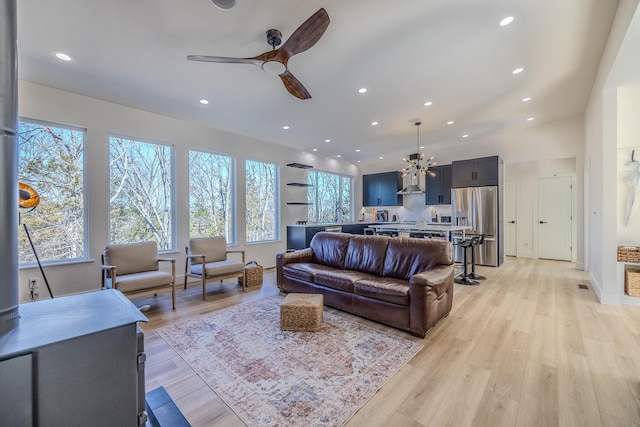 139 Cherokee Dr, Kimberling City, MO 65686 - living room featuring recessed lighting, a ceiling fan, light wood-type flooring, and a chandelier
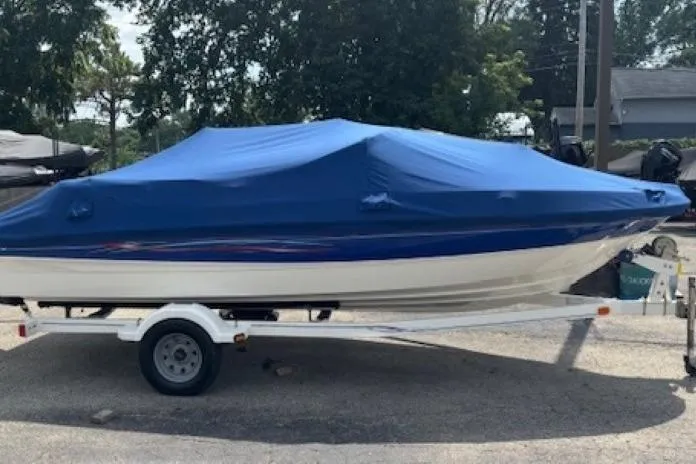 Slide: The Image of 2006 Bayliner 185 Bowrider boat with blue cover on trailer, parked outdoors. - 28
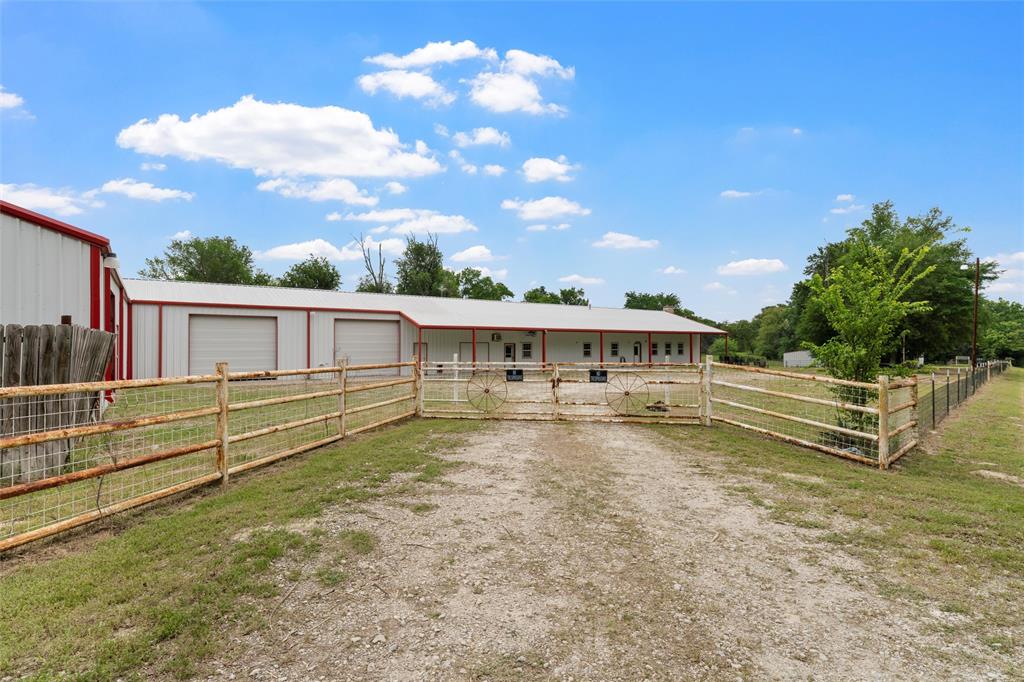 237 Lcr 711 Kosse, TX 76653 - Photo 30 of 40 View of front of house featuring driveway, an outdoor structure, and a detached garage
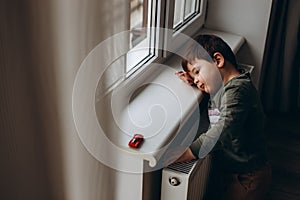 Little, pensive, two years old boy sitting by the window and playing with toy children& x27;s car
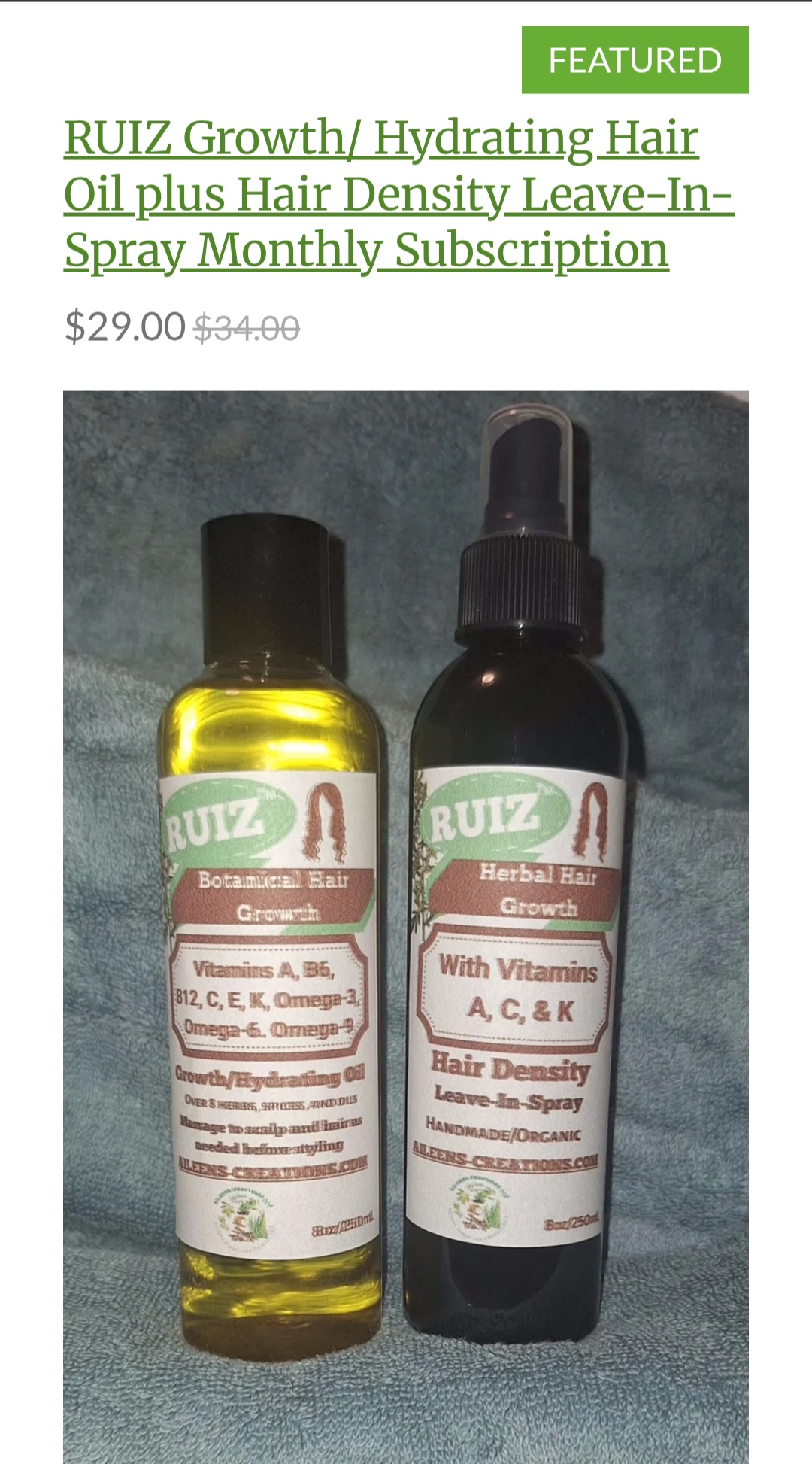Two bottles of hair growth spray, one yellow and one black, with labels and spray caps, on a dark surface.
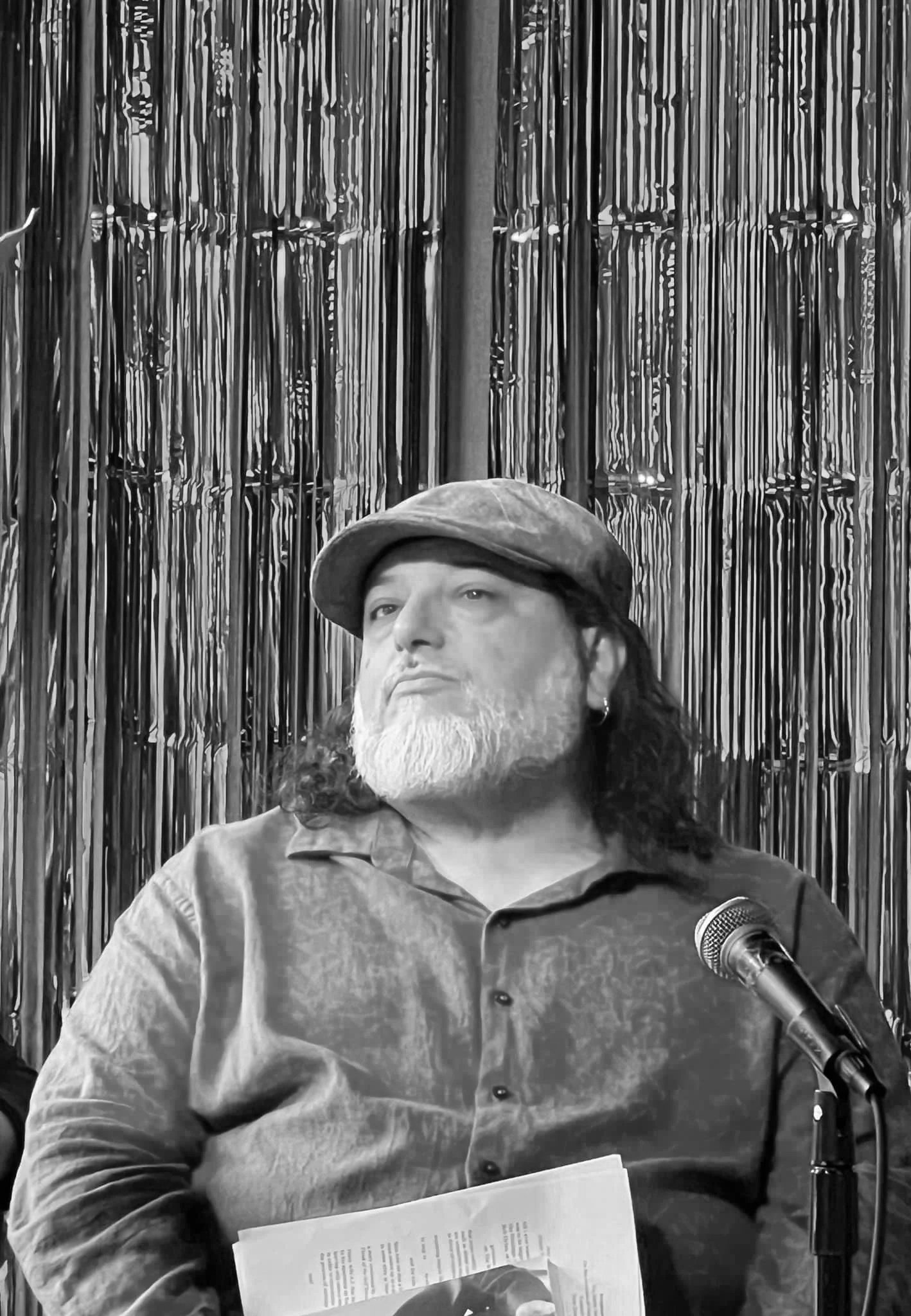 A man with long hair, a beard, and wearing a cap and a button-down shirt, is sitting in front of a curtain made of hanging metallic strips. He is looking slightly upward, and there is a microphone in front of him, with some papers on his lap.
-=-=-=-=-
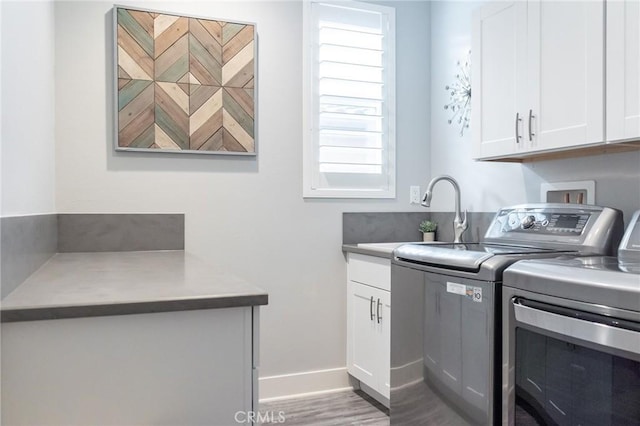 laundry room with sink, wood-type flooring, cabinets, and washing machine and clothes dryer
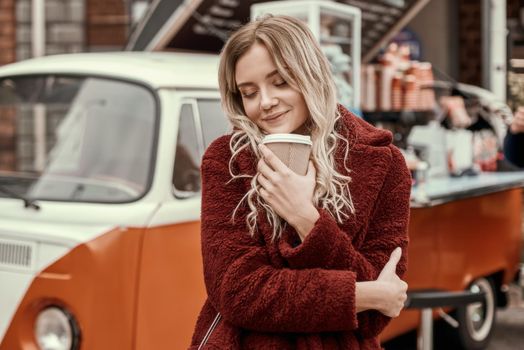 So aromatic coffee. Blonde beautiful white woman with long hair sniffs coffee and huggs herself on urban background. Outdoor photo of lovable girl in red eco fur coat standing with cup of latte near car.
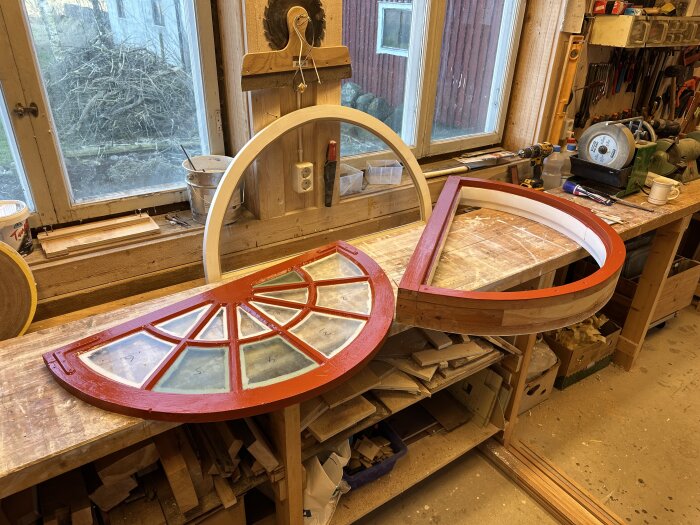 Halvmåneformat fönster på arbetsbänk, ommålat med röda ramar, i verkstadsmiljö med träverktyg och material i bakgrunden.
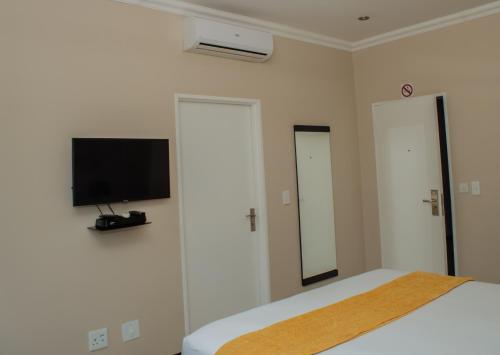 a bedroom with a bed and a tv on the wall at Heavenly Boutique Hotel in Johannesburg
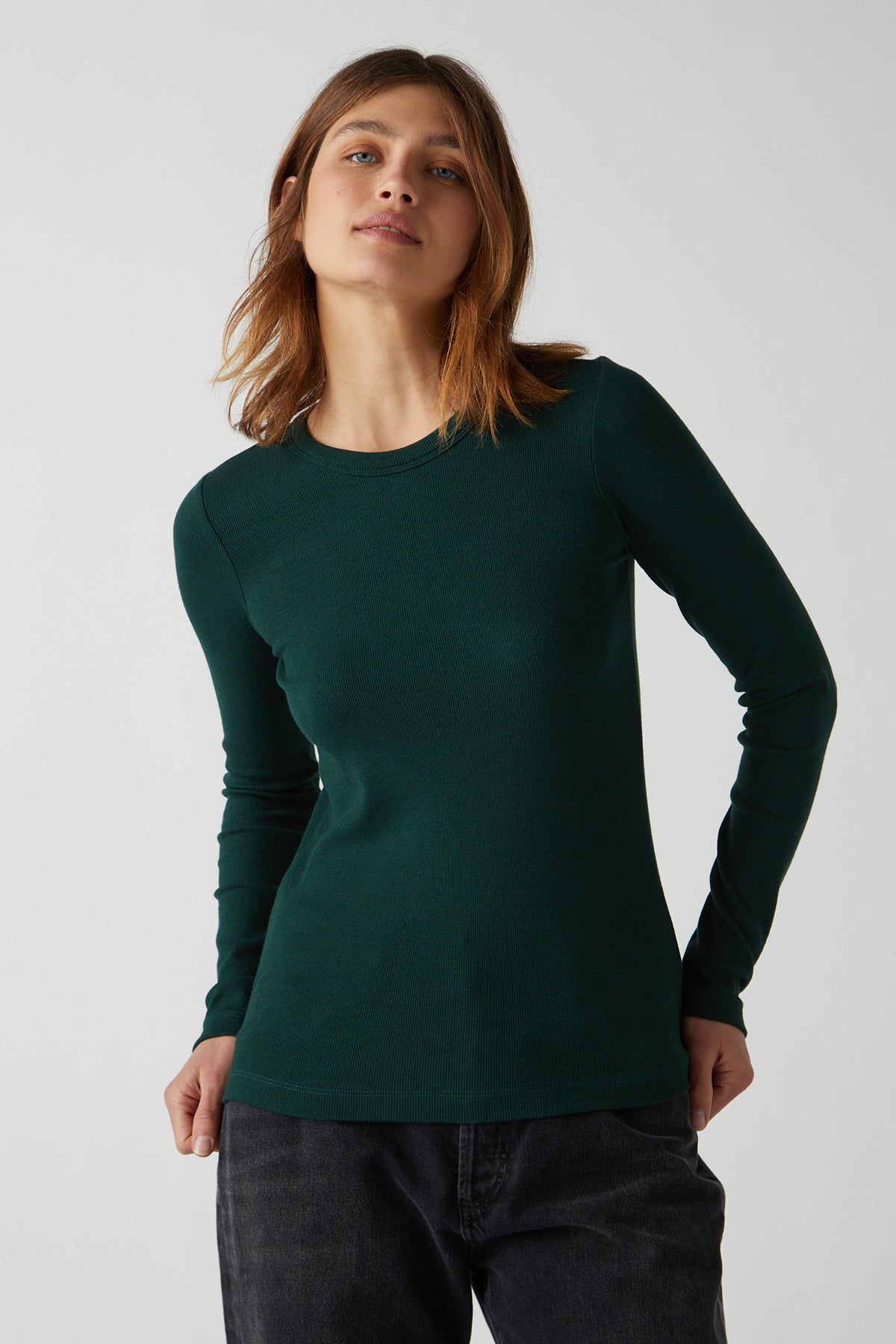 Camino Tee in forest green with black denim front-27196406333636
-=-=-=-=-
**Task statement:** Copy exactly the material above from the line with "So aromatic coffee." to the line with "Camino Tee in", ends included, and nothing else. Leave out any picture.

**Task answer:**
 So aromatic coffee. Blonde beautiful white woman with long hair sniffs coffee and huggs herself on urban background. Outdoor photo of lovable girl in red eco fur coat standing with cup of latte near car.
 Halvmåneformat fönster på arbetsbänk, ommålat med röda ramar, i verkstadsmiljö med träverktyg och material i bakgrunden.
 a bedroom with a bed and a tv on the wall at Heavenly Boutique Hotel in Johannesburg
 Camino Tee in forest green with black denim front-27196406333636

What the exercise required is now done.